Per the WSJ, the SEC’s internal watchdog told the Senate Banking Committee that the SEC’s suit against Goldman was a “suspicious” attempt to “to distract attention from a report criticizing the SEC for failing to detect an alleged Ponzi scheme.”
The only surprise (though perhaps it shouldn’t be) is the reaction reported in the WSJ article: that we should have more litigation. The SEC’s suit was intended not just to cover up its own negligence, but as a misguided response to satisfy the public craving for “accountability.” Yet the pressure for more such suits continues according to the article:
Senator Kaufman (Del.): “[We have seen very little in the way of senior officer or boardroom-level prosecutions of the people on Wall Street who brought this country to the brink of financial ruin.

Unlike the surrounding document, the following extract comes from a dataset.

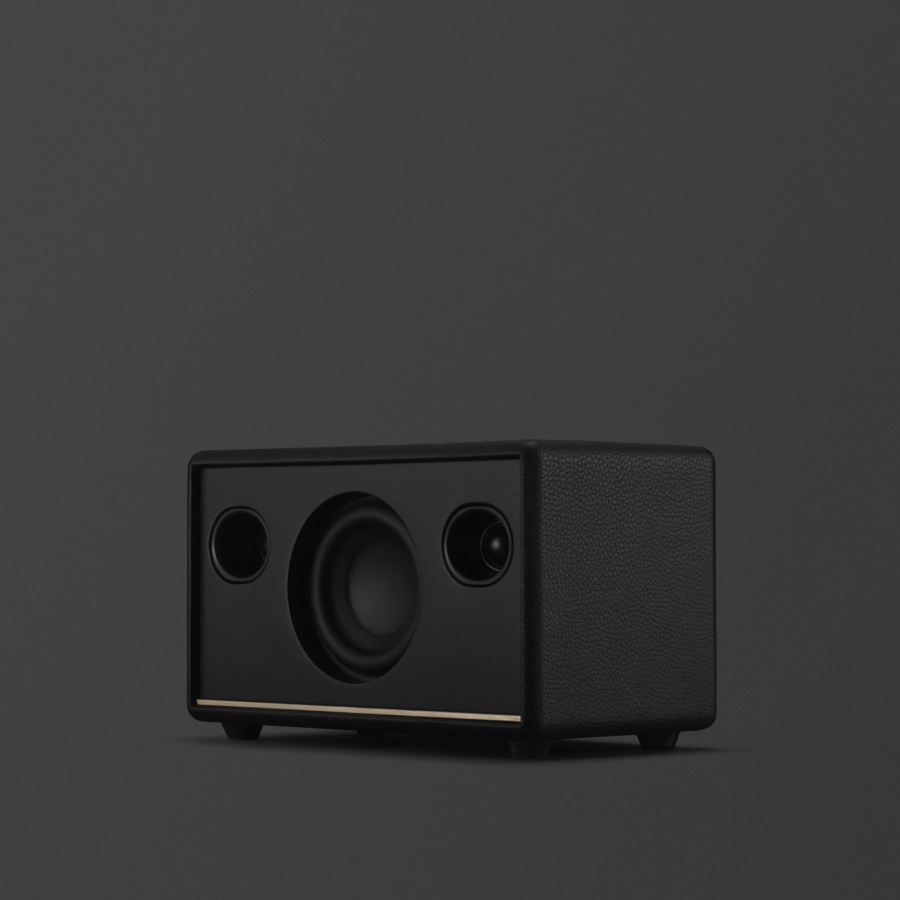 MARSHALL ACTON III NOIR n°9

Why is that?”
Fred Gibson, FDIC deputy inspector general: “There hasn’t been a prosecution that’s put a face on this crisis.”

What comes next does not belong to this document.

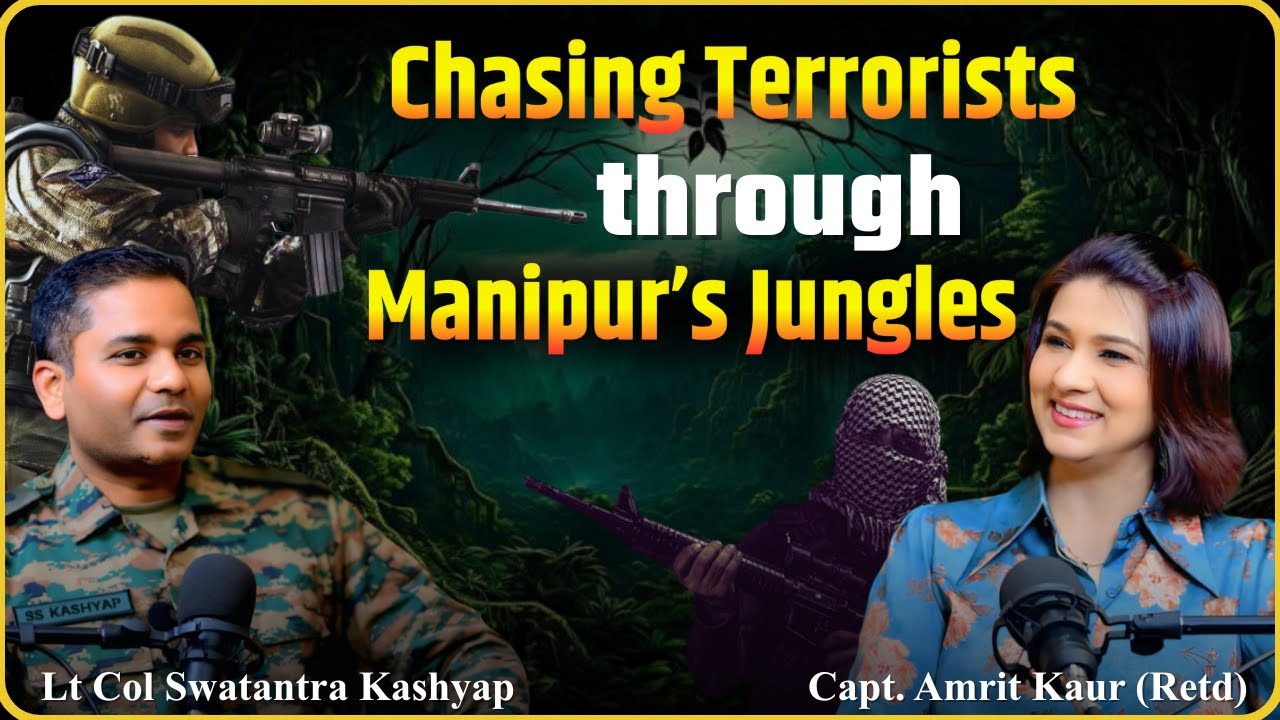 Between bullet trails-A soldier’s untold story of raw bravery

Former SEC enforcement chief McLucas puts his finger on the problem:
“One of the challenges in this environment is there were such broad systemic failures that identifying the one or two people or the six enterprises that are quote responsible, which is what we see a broader appetite for, I don’t think that’s doable. There may be cases where the rules were broken. Are they all cases where you can or should put people in jail? Probably not, but that doesn’t satisfy the lust for accountability.”
So it looks like, despite the criticism of the SEC Goldman suit, we’re in for more of the same.